SSL (Secure Sockets Layer) and TLS (Transport Layer Security): These twin protocols secure connections, with TLS being the newer, more secure sibling of SSL.
SSH (Secure Shell): Ensures secure remote login and other network services.
IPsec (Internet Protocol Security): Protects data in transit via a framework of protocols and encryption standards.
A notable hero in this narrative however is “Asymmetric Encryption” which has given us many good solutions such as digital signatures and the ability to securely exchange emails. Even blockchain technologies like Bitcoin or Ethereum use asymmetric encryption to create and verify digital transactions (also known as “public key cryptography”).
Asymmetric Encryption uses pairs of private keys and public keys to encrypt and decrypt data. The “Public Key Infrastructure” (PKI) plays the role of a trusted third party, authenticating the identities involved in the data exchange.
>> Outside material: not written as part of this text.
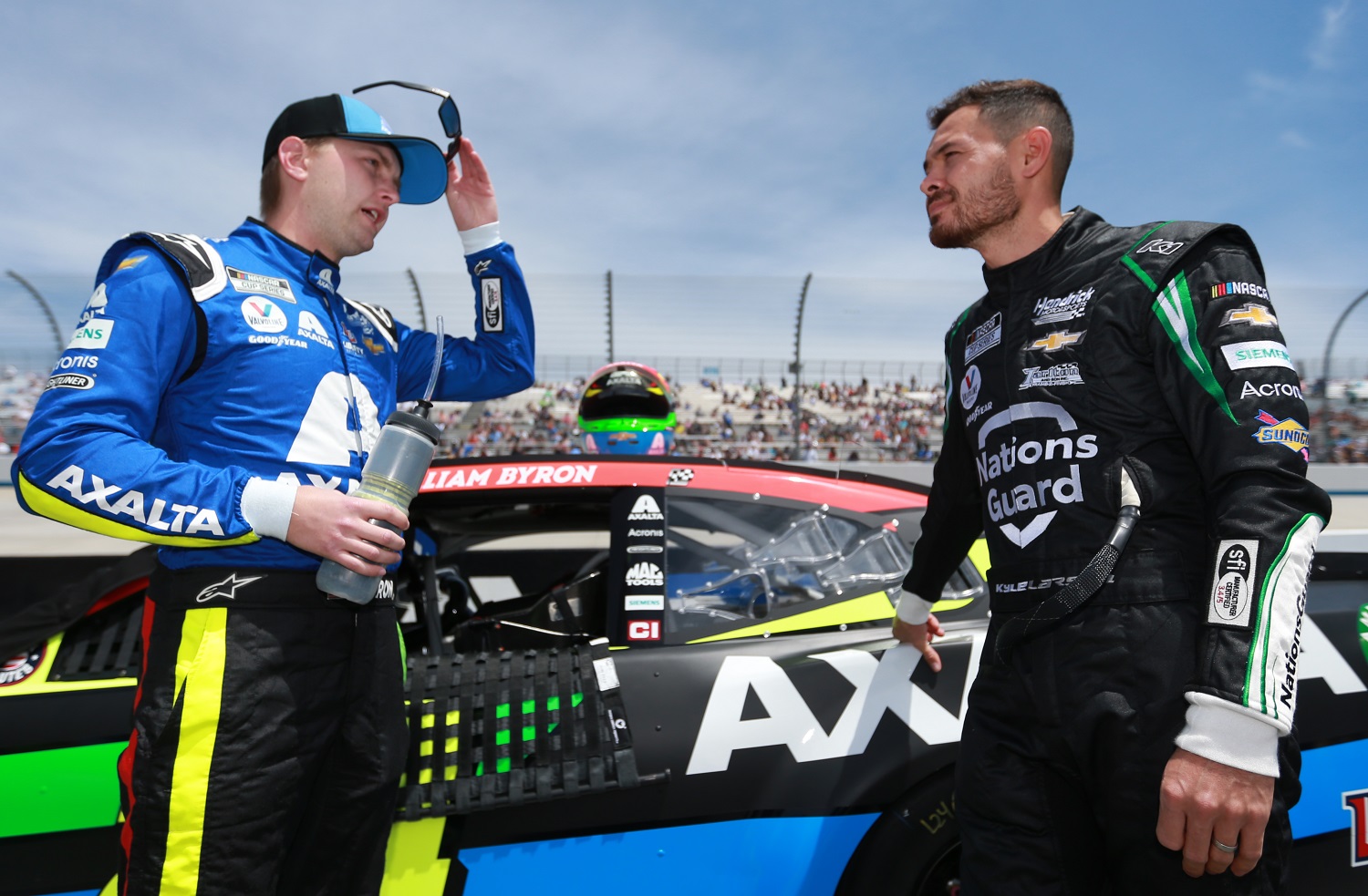 Hendrick Motorsports teammates William Byron and Kyle Larson talk on the grid at the NASCAR Cup Series Drydene 400 at Dover International Speedway on May 16, 2021.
3. Encryption in use - Working on your data securely
This is the active battlefield in the digital world and this is where you should worry.
Your data is constantly being processed by services. Like when you get personalized recommendations to improve your sleep, find an optimal travel route to your destination, or scroll through your Instagram feed.
These data computations are done to tailor experiences to you but so far it has not been possible to make computations on encrypted data.
Traditionally, computations on data require the data in cleartext (unencrypted). This means in (almost) all scenarios, your data gets decrypted before any processing. Thus, the entity, for example, Instagram, that is processing your data becomes a party you must trust.
Who do you trust with your data?
It’s an age-old dilemma of having to choose between utility and security.
In other words, you have to trust the party doing computation on your data. Now, data is not very useful if we don’t do anything with it, so we have accepted the tradeoff.
You share your entire resume, profile information, and ideas with LinkedIn so they can help you connect, share, and discover.
We now enter a delicate dance in this relationship:
You somehow try to minimize the data you share in order to get what you need. No reason to write about your family picnic on LinkedIn, right?
LinkedIn, in its endeavors to earn your trust, does its best to create written legal policies, etc, so you will be more comfortable with sharing your data with them.
The more data you provide LinkedIn the more personalized experience they will give you. They will continue to try and motivate you (e.g. through incentives such as better visibility in their search towards job recruiters) to share more information with them. This often leads to you over-sharing. Maybe sharing that family picnic in a post to show you’re a family man and a good colleague?
Regulators have entered the scene, trying to regulate this relationship and give more rights to you, the user. It’s a step in the right direction, but learnings from how most companies have dealt with GDPR and CCPA show that one thing is what companies are saying to their users and the public, and another thing is what they actually do internally.
The stark reality? There's always someone in these organizations who can access your data. You can always find written proof in the company's “Privacy policy”, as we found on LinkedIn:
“It is possible that we will need to disclose information about you when required by law, subpoena, or other legal process or if we have a good faith belief that disclosure is reasonably necessary”
There is no difference between our example on LinkedIn and most other services you interact with today.
Referring back to a future where everyone will have personal AI companions filled with personal information; imagine 10 years of your personal data, your behaviour, your deepest thoughts, is hosted by a company with the same no “encryption in use” and the same privacy policies as LinkedIn and they make use of this sentence “if we have a good faith belief that disclosure is reasonably necessary”.
Ouch….
The future gold will be your personal data and mastering the art and science of Encryption in Use is crucial to safeguard your right to privacy and to reach global trust.